## Problem details
Would you please repeat exactly the entries below, starting at the line with "Pokémon Bouclier Logo UK.png" and ending at the line with "Google Drive Sharing Permissions 29", and nothing outside that range? Leave out the pictures.

## Data extract
☆ ☆ ☆
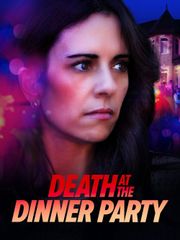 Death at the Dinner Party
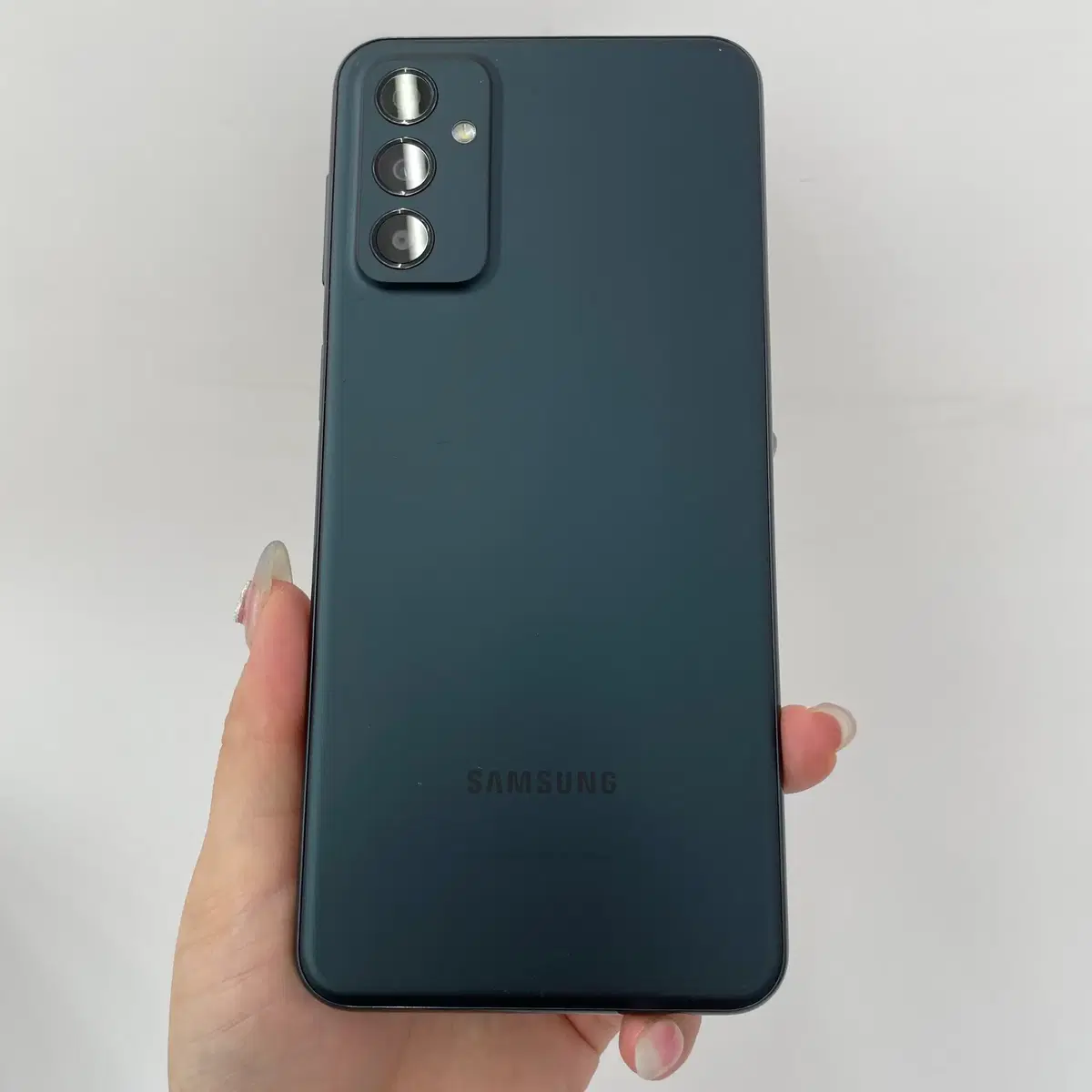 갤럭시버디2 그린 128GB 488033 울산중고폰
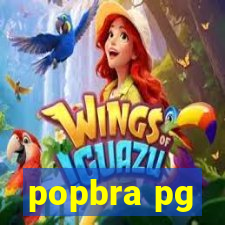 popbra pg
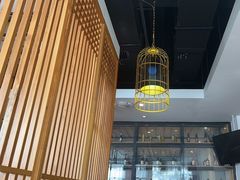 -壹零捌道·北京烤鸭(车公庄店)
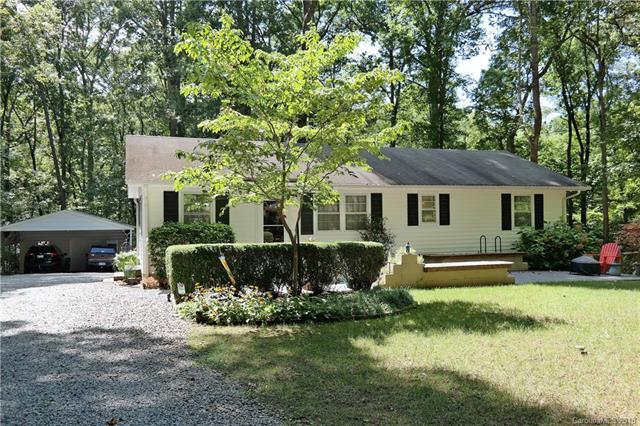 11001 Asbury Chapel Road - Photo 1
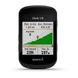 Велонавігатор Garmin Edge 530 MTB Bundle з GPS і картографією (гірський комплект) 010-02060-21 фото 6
☆ ☆ ☆
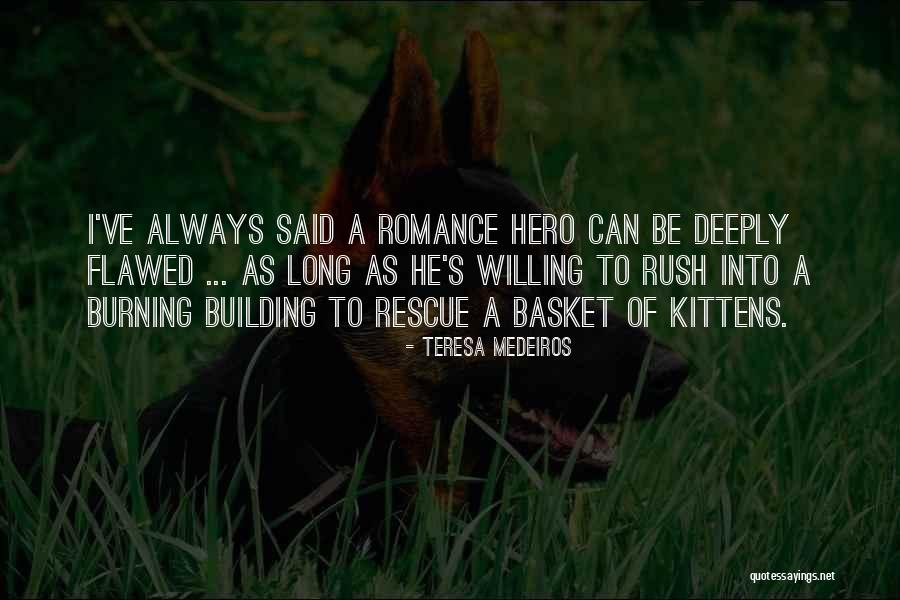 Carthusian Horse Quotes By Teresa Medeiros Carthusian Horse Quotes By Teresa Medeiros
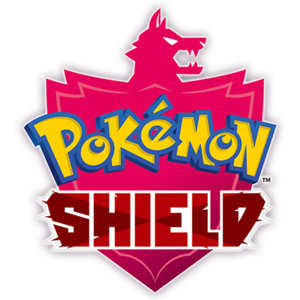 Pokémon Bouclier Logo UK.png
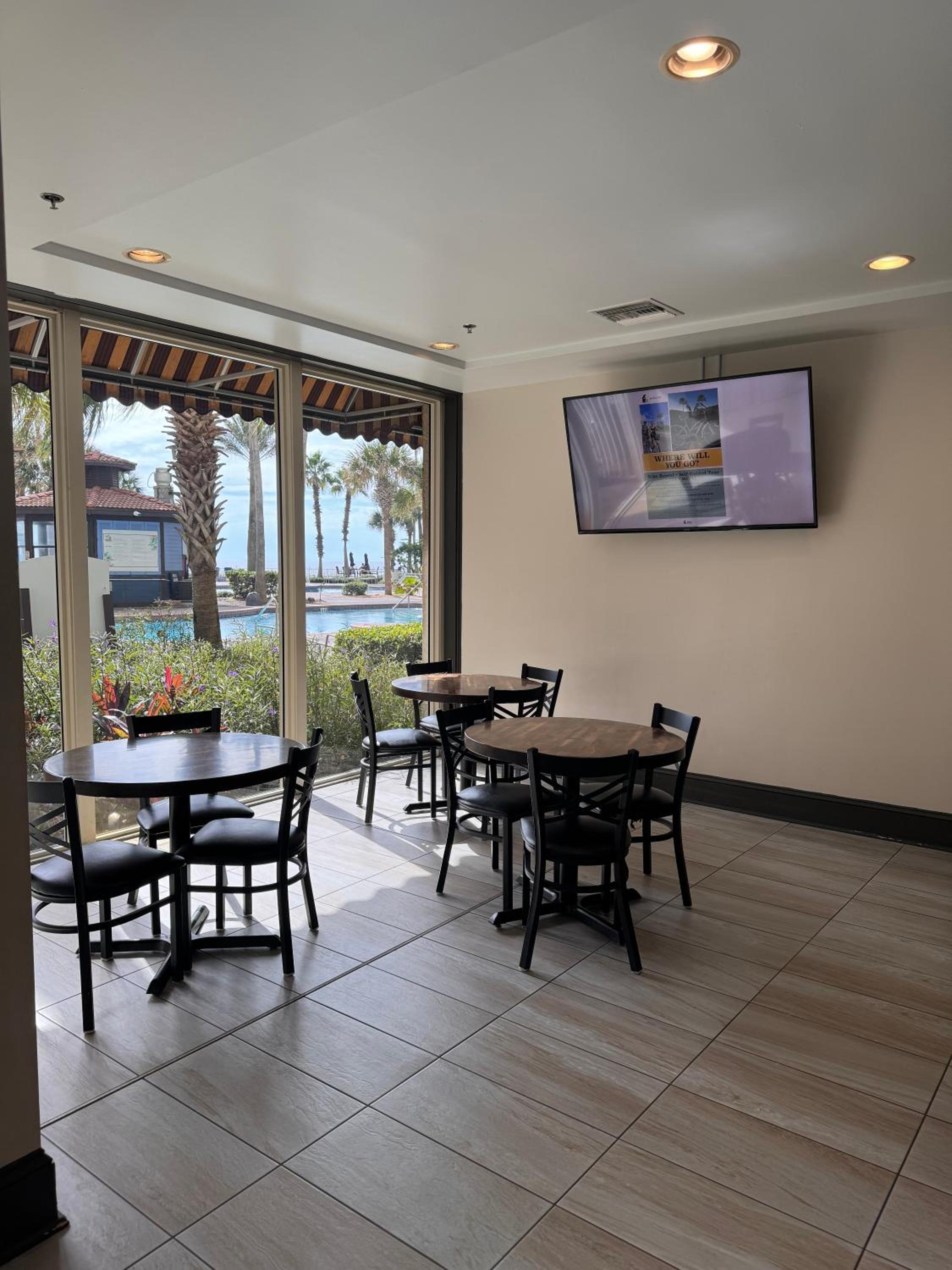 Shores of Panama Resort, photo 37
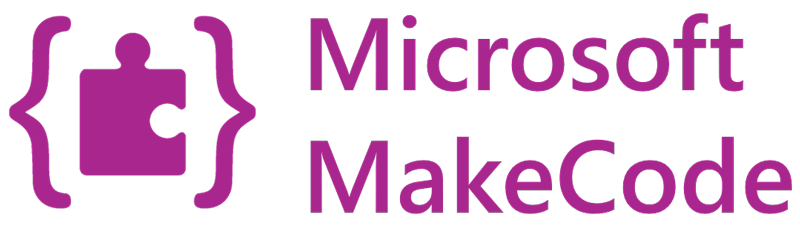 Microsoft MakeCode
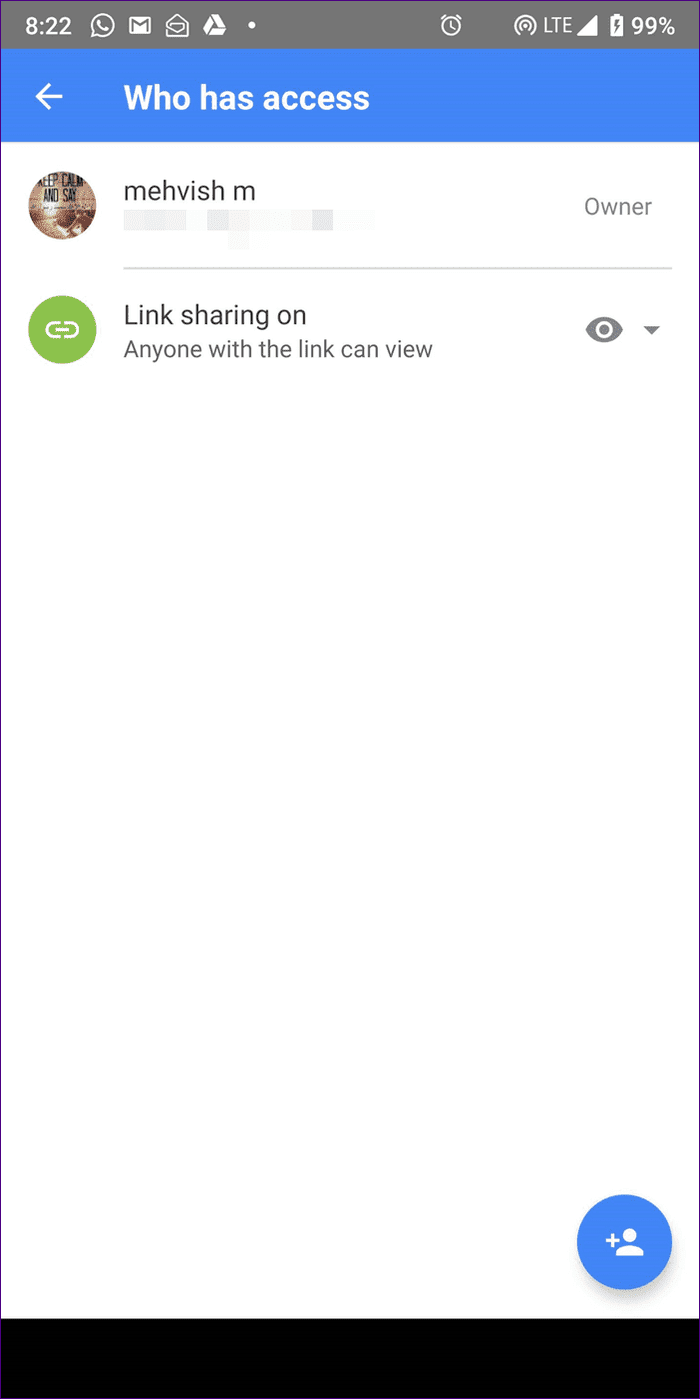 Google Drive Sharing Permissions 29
☆ ☆ ☆
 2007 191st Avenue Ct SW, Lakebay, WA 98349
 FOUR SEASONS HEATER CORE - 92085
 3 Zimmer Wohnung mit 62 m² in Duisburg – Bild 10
☆ ☆ ☆
## Expected answer
 Pokémon Bouclier Logo UK.png
 Shores of Panama Resort, photo 37
 Microsoft MakeCode
 Google Drive Sharing Permissions 29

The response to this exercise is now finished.